AI ENABLED ROBOTS

Localization of human speakers is highly important for natural human-robot interaction. However, in real-life environments such as public places, localization is a great challenge due to strong reverberation, multiple speakers, and noise. We are developing speaker localization algorithm that is robust to reverberation, for spherical arrays applied to arrays around a robot head, with a real-time version for various real-life acoustic conditions.

In noisy environments which include reverberation, speech recognition rate tends to significantly decrease. Microphone arrays with multiple channel signal processing offer a successful approach for speech enhancement and can improve speech enhancement under noise and reverberation.

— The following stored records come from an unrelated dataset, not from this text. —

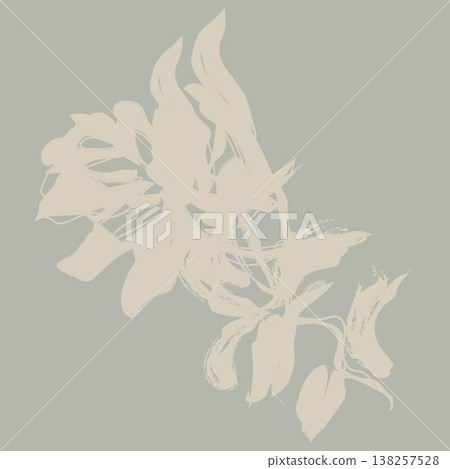 Floral Fashion Textile Pattern Beige Brushstroke Flowers On Grey Background Elegant Decor Design Floral Fashion Textile Pattern Beige Brushstroke Flowers On Grey Background Elegant Decor Design 138257528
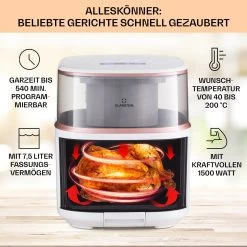 Air Bloom Heißluftfritteuse Dampffunktion 1500W 7,5 Liter 16 Programme -Küchengeräte Verkäufe 10040496 de 0003 usp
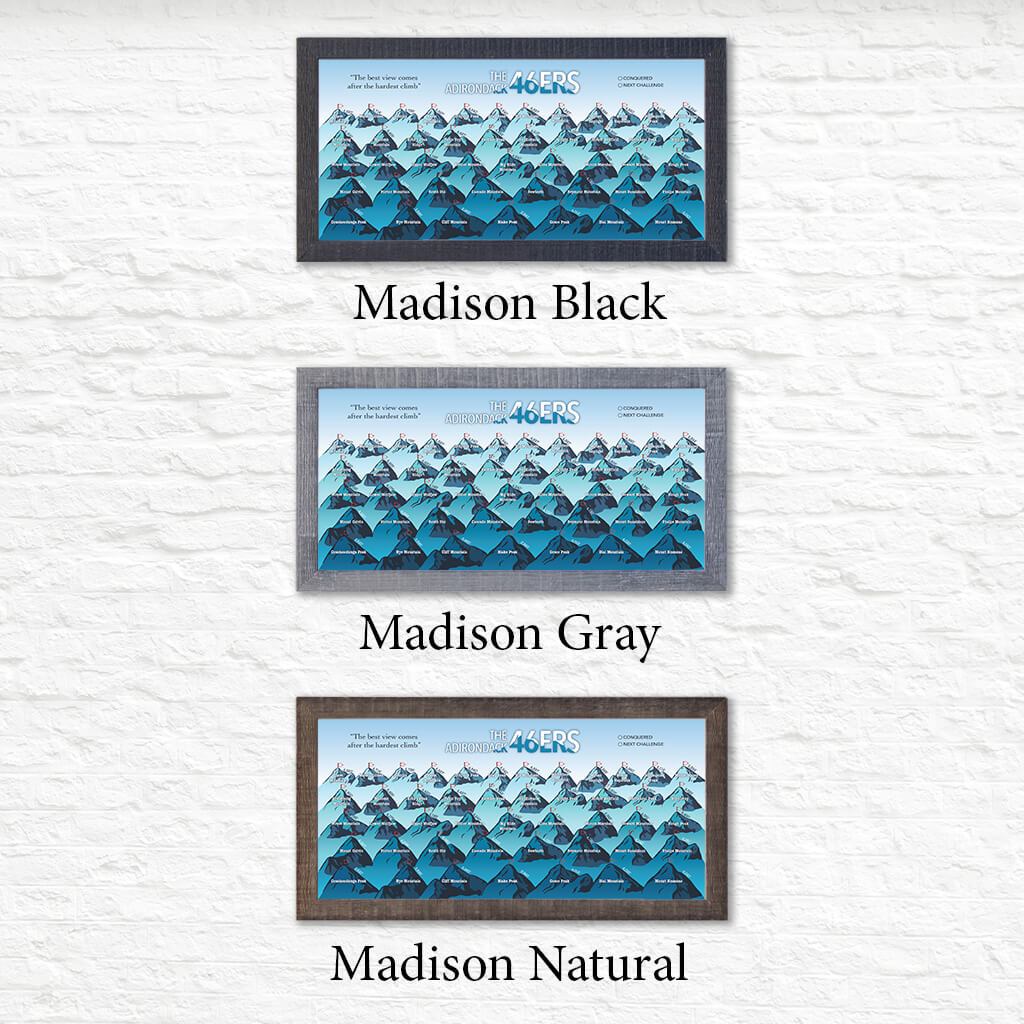 Teal Adirondack 46ers Pin List Shown in Premium Madison Frames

Producing a high quality, globally consistent map in real-time with the help of one or more robots, by using semantic labeling of the map geometries, so the robot can plan its course in dynamic and complex environments. By adding layers to the map, robots can contribute and share their local information collaboratively, share their local view and update the maps, resulting in lower energy consumption and serving more customers in less time.

In public places, hand gestures are complementary mean to voice commands, when calling robots for assistance. Voice commands might constitute a limitation, especially when the robot doesn't "speak" the language of the random user, and therefore for environments such as airports, independent gestures interaction is useful for different tasks according to location demographic.

Exploring the effect of different emotions on the way people interact with a robot. The environment is used as a mediator, and changing the environmental conditions is expected to yield different emotions among participants. These emotions are detected by an analysis of the tone of voice, accompanied with physiological measurements and self-reported measures.

Real-time interface to the video system used by the robot, based on cumulative video and speech samples that simulate real interactions scenarios, in terms of conversation culture, language, subjects, length and real-time dialogue.

A public space is often supported by a variety of on-screen content, which people interact with. Developing a robotic system which responds to video content with robotic reactions, both verbal and non-verbal is a new media experience, which falls in-between content and the consumer and achieves a much higher level of engagement. This new way of experiencing media could significantly shift content creation and media delivery with the robots’ behavior implemented as a separate media channel accompanying the video, but experienced in the real-world.

Non-verbal signal detection of “time to interrupt”​. Verbal dialog is regulated using non-verbal signals, including pauses, head movements, eye gaze, and more. This Machine Learning project, models dialogs based on non-verbal signals, so a robot that can intelligently produce the right non-verbal signals to help make interruptions more fluent and acceptable.

Pause-and-Restart. A common failure of a robot’s interaction is completing or starting an action or sentence when no longer necessary, or not knowing how to re-start an interaction. We're building a model for socially natural pauses and continuation.